**The problem:** With the pictures omitted, please transcribe exactly the lines beginning at the one that contains "whoo天气丹代购,代购的天气丹为什么那么便宜" and ending with the last line of the records below.

**Records for this exercise:**
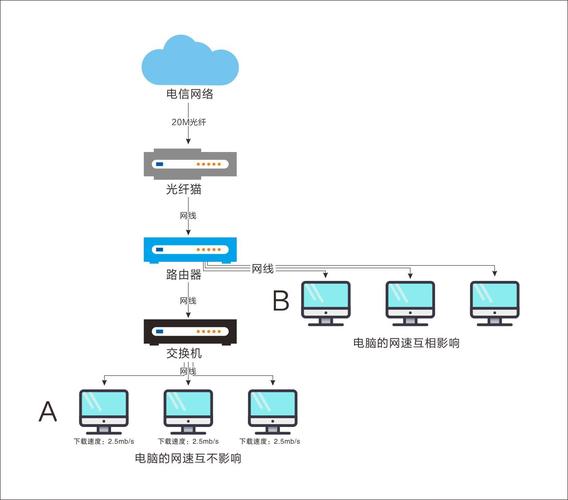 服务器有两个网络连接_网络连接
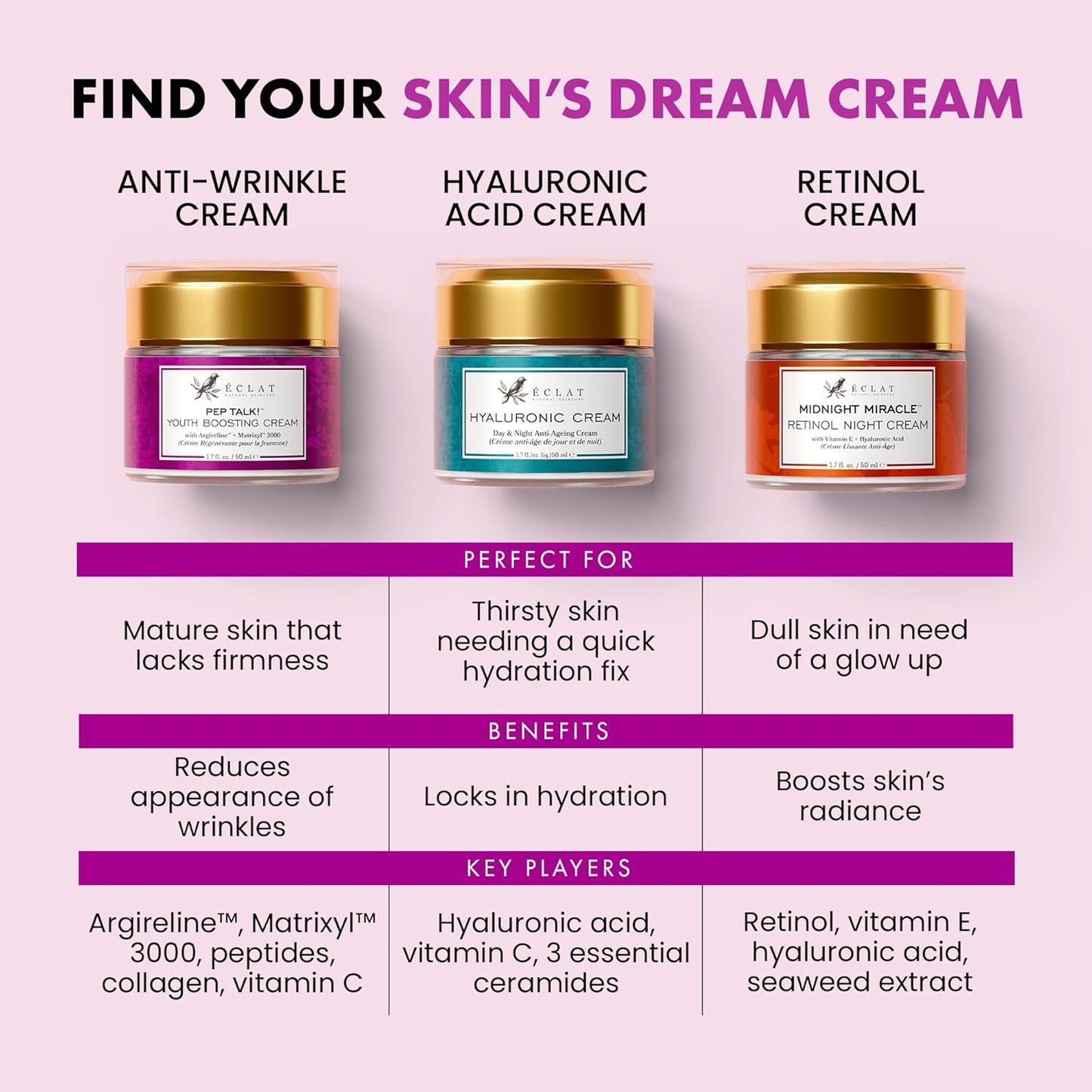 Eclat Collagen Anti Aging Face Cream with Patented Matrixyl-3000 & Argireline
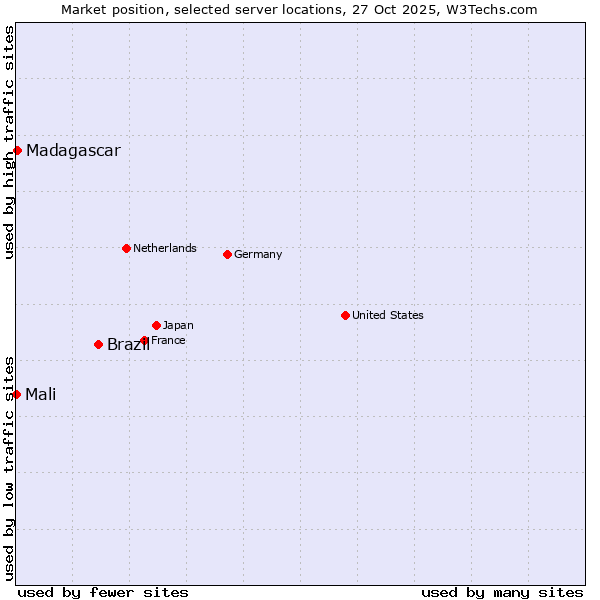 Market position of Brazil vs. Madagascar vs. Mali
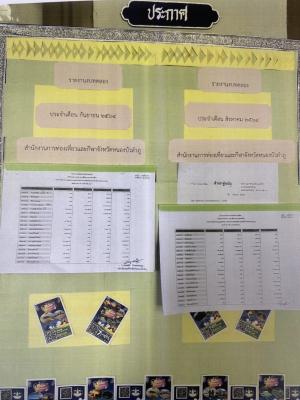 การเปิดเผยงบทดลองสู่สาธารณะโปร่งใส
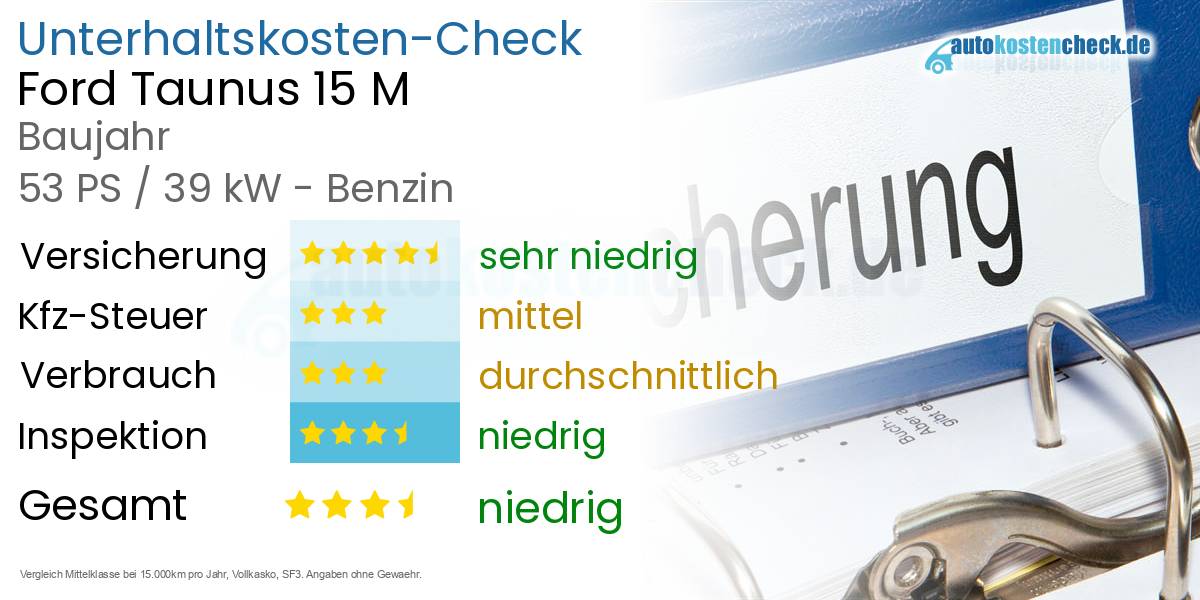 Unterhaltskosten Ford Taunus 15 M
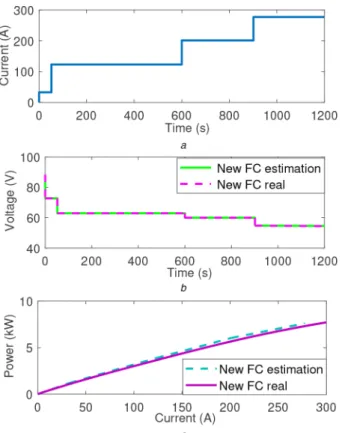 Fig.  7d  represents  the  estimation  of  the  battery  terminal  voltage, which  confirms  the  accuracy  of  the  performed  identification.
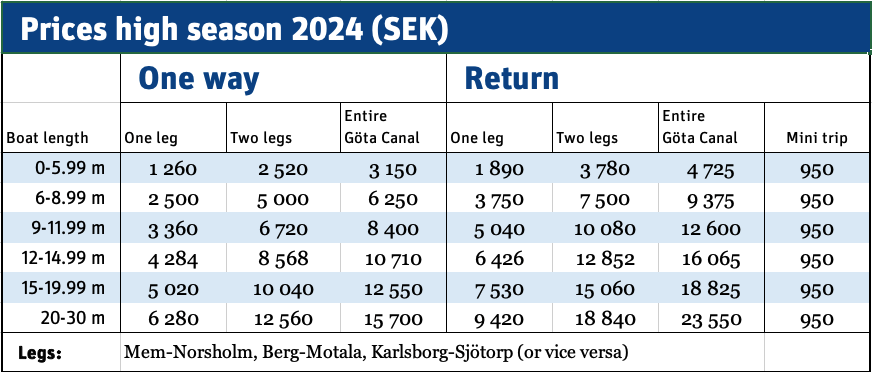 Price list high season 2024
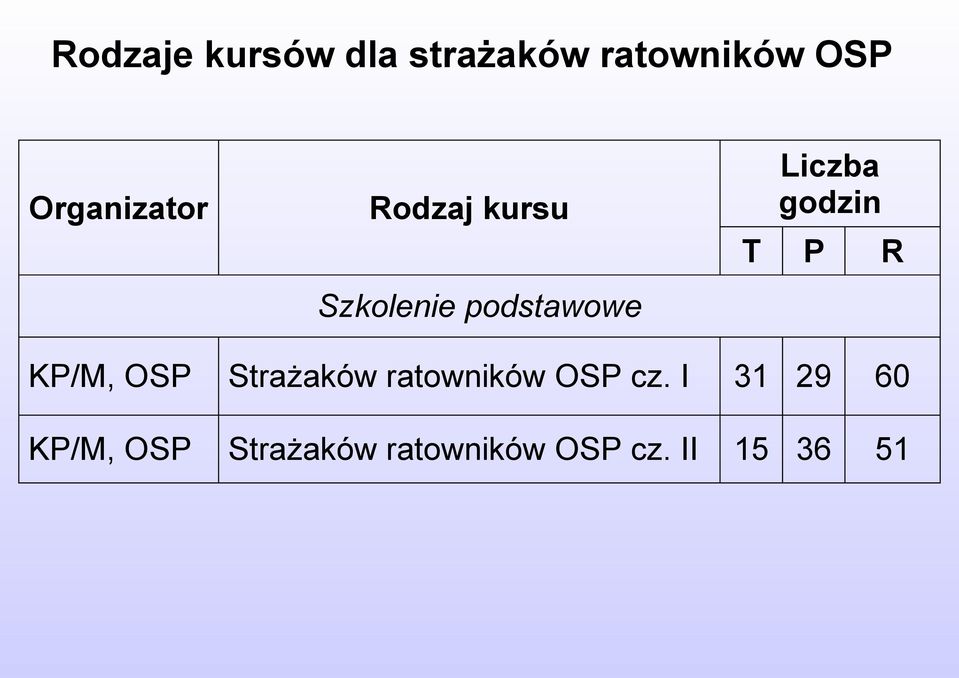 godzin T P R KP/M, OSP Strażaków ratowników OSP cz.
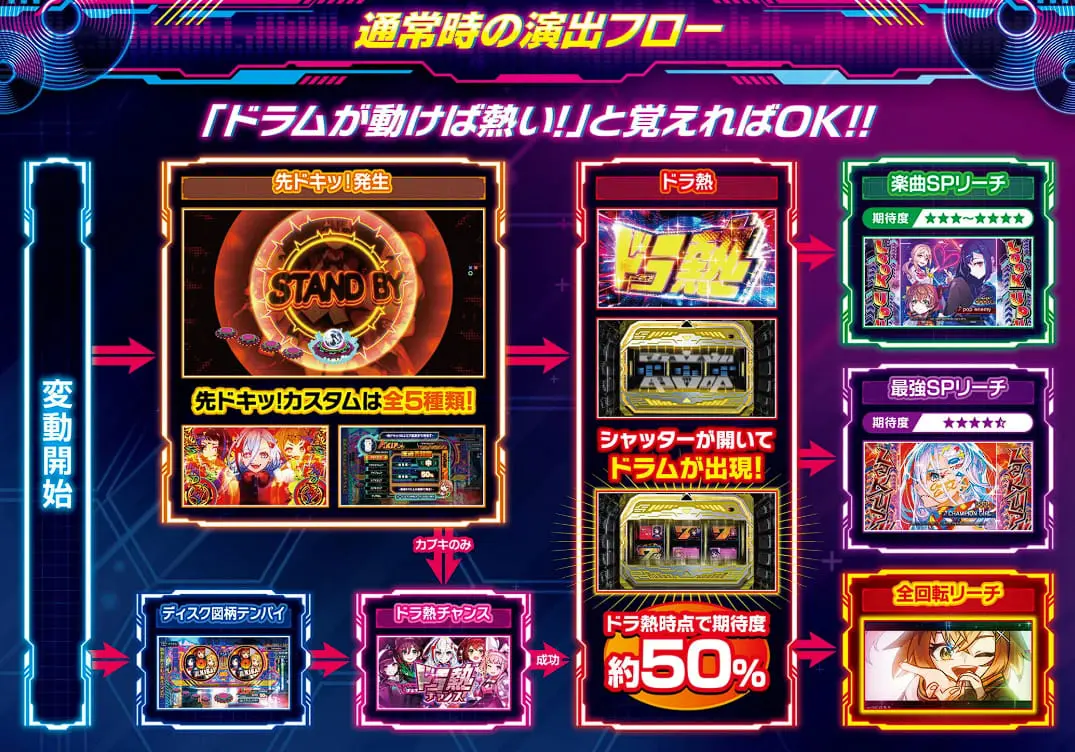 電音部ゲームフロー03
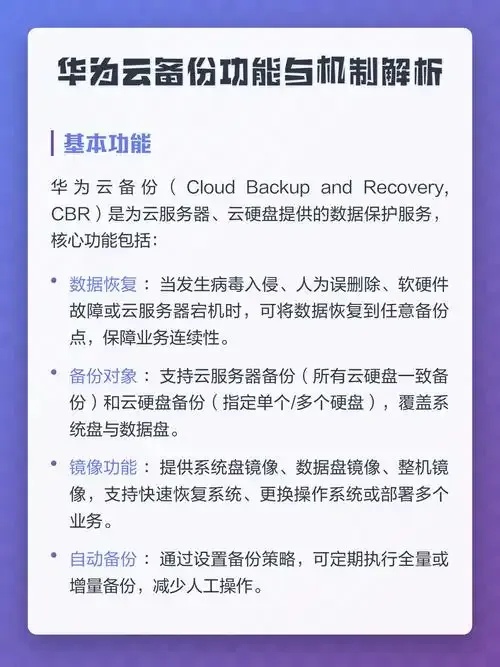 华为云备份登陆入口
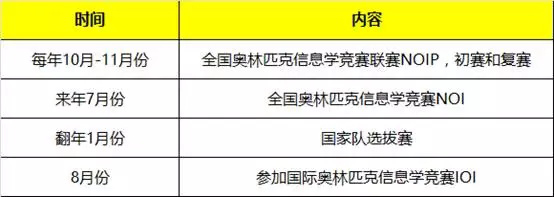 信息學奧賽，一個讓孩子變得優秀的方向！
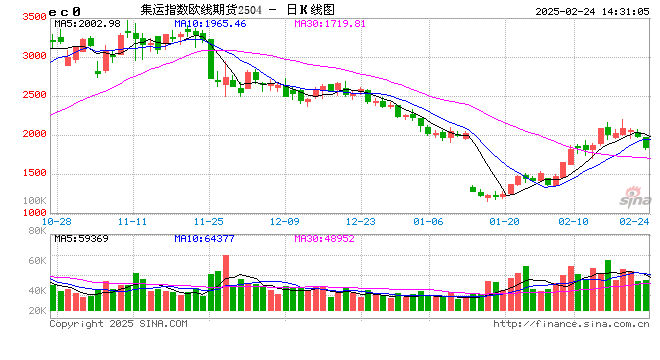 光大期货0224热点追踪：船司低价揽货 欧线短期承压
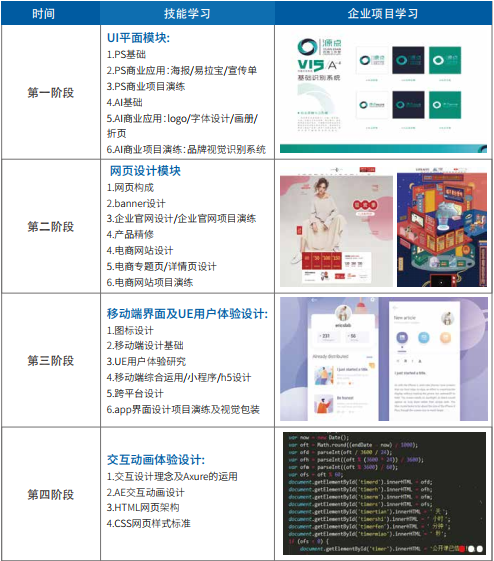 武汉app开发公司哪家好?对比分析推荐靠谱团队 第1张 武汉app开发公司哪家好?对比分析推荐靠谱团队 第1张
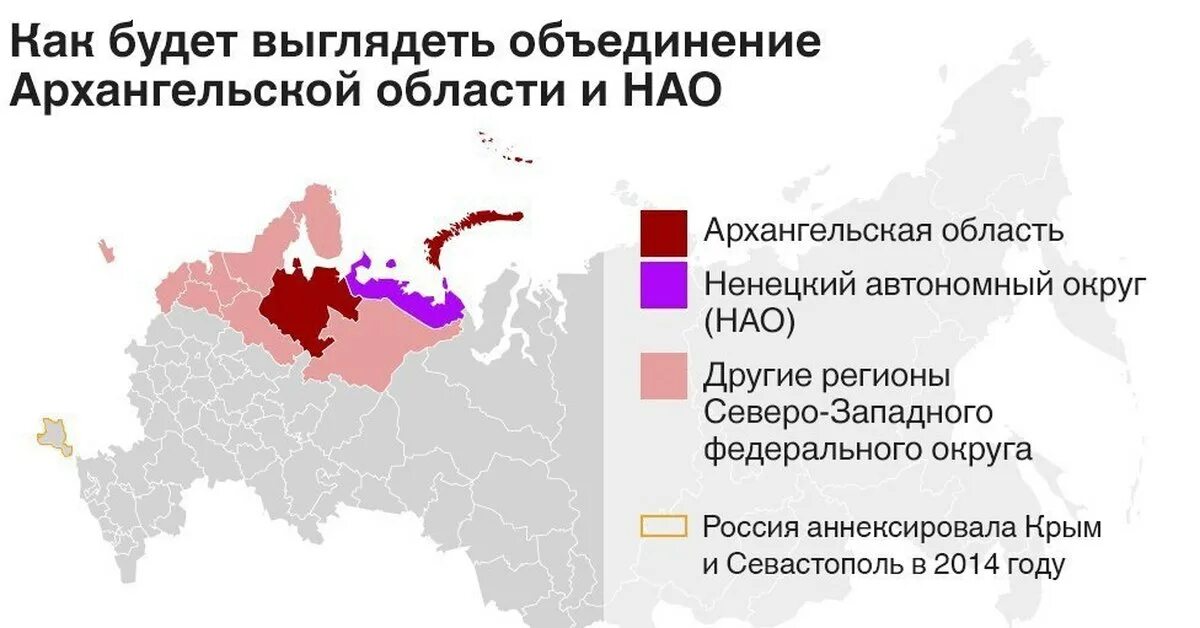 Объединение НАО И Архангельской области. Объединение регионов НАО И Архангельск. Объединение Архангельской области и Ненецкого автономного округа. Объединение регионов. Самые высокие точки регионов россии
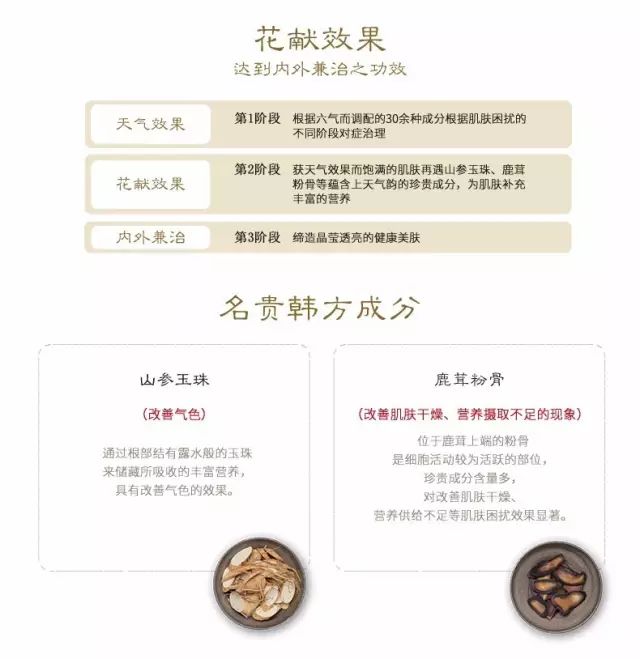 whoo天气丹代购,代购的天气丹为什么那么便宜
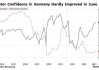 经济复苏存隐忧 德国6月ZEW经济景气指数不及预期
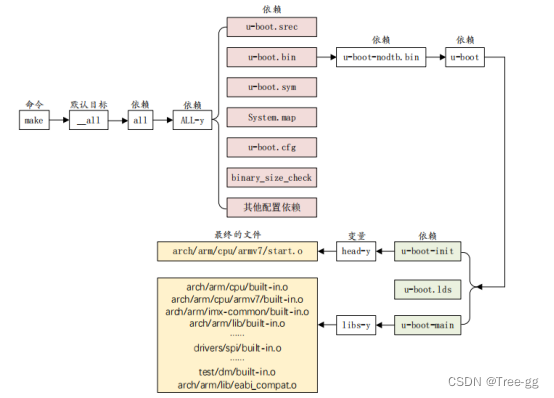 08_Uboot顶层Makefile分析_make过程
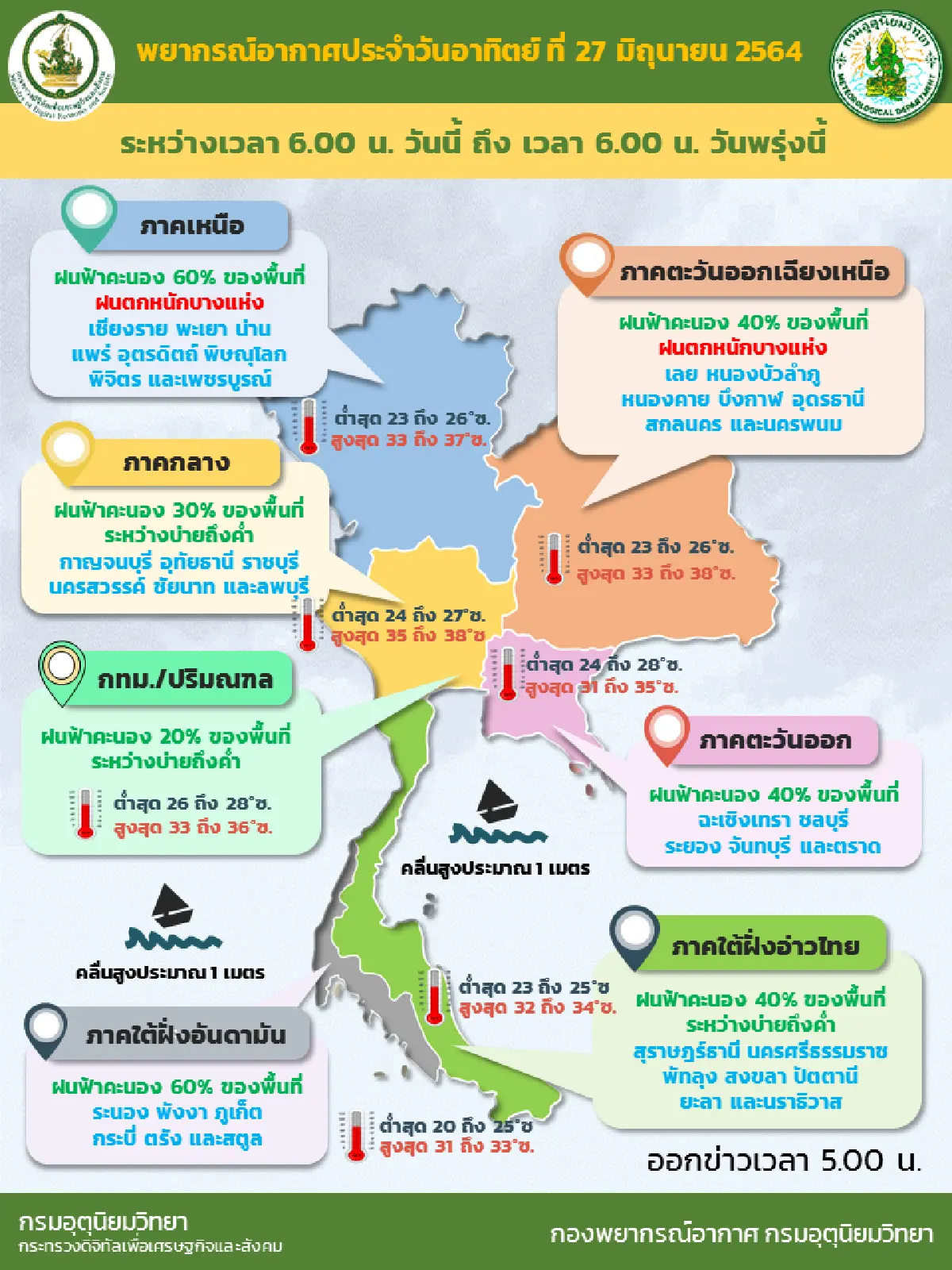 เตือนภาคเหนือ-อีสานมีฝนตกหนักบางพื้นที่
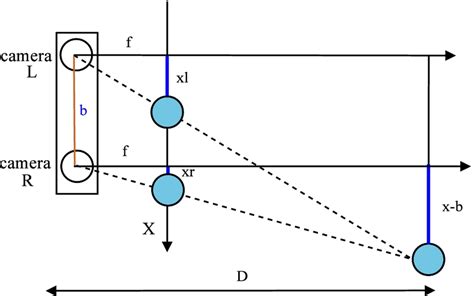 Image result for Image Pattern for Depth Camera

**Response:**
 whoo天气丹代购,代购的天气丹为什么那么便宜
 经济复苏存隐忧 德国6月ZEW经济景气指数不及预期
 08_Uboot顶层Makefile分析_make过程
 เตือนภาคเหนือ-อีสานมีฝนตกหนักบางพื้นที่
 Image result for Image Pattern for Depth Camera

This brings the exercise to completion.